Ingredients


1 (16 oz.) package elbow macaroni
1 1/2 lbs. ground beef
1 tbsp. vegetable oil
1 large onion, chopped
2 cloves garlic, chopped
1 (14 oz.) can stewed tomatoes, undrained
1 (16 oz.) jar spaghetti sauce
1 (12 oz.) can mushroom stems and pieces, undrained
2 cups sour cream
1 lb. Colby-Monterey Jack cheese, shredded

Makes 8 Servings

Prep Time: 15 Minutes
Cook Time: 1 Hour 15 Minutes
Ready in: 1 Hour 30 Minutes

From Leona's Kitchen

 Cheese and Pasta in a Pot


1. Preheat oven to 350 degrees F (175 degrees C). Bring a large pot of lightly salted water to a boil. Add pasta and cook for 8 to 10 minutes or until al dente; drain.
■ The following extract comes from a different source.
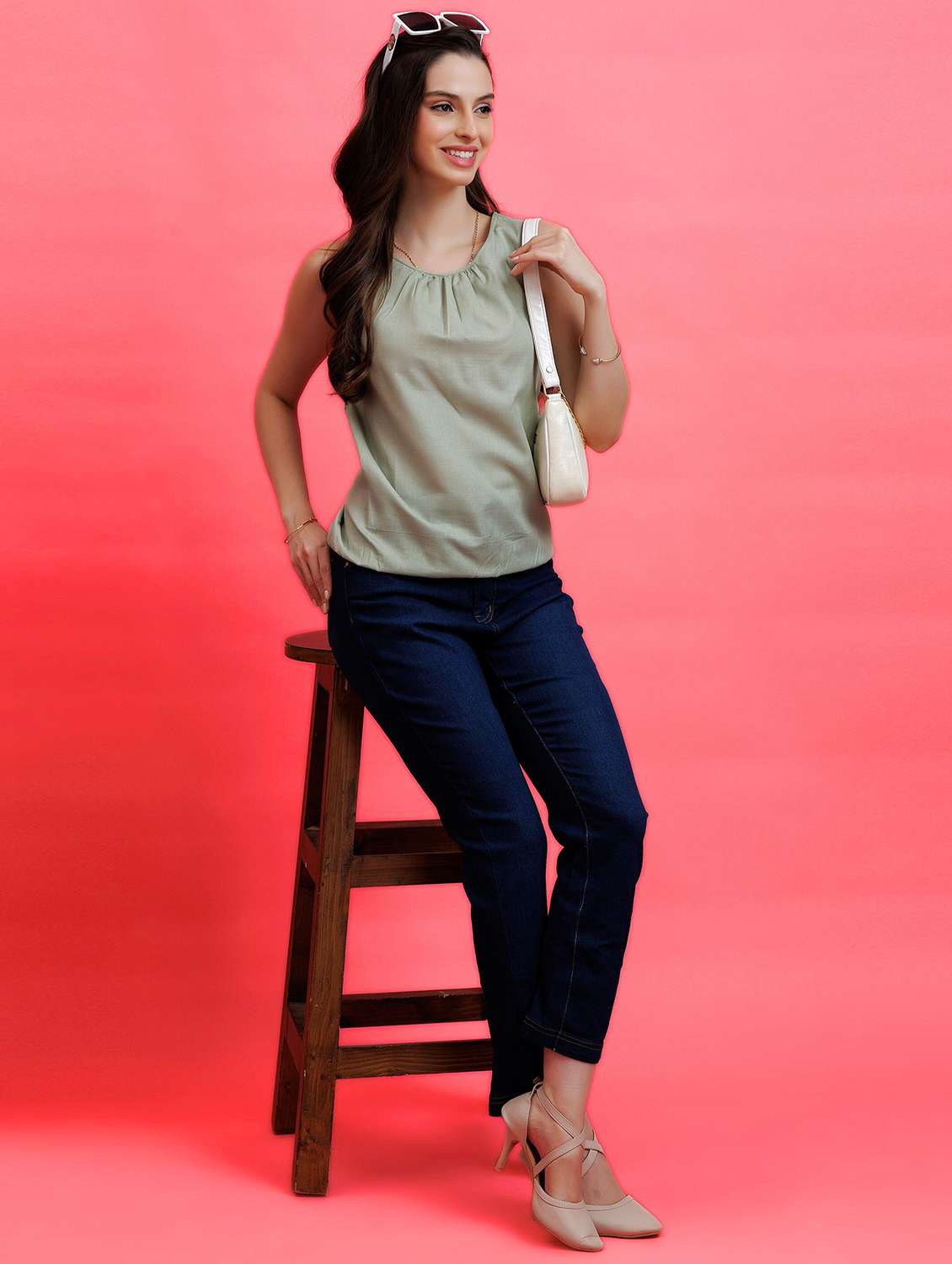 women solid green satin regular top - 22443605 -  Standard Image - 5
2. Place ground beef in a large, deep skillet. Cook over medium high heat until evenly brown and crumbled. Drain, excess fat, and set aside.

3. Heat oil in a large heavy skillet over medium heat. Sauté onion until soft and translucent. Stir in garlic, and cook for 30 seconds. Add cooked beef, tomatoes, spaghetti sauce and mushrooms; bring to a boil. Reduce heat, and simmer 20 minutes.

4. In a 9x13 inch casserole dish, layer 1/2 of the pasta, 1/2 of the meat sauce, 1/2 of the sour cream and 1/2 of the shredded cheese. Repeat layers.

5. Cover, and bake in preheated oven for 45 minutes.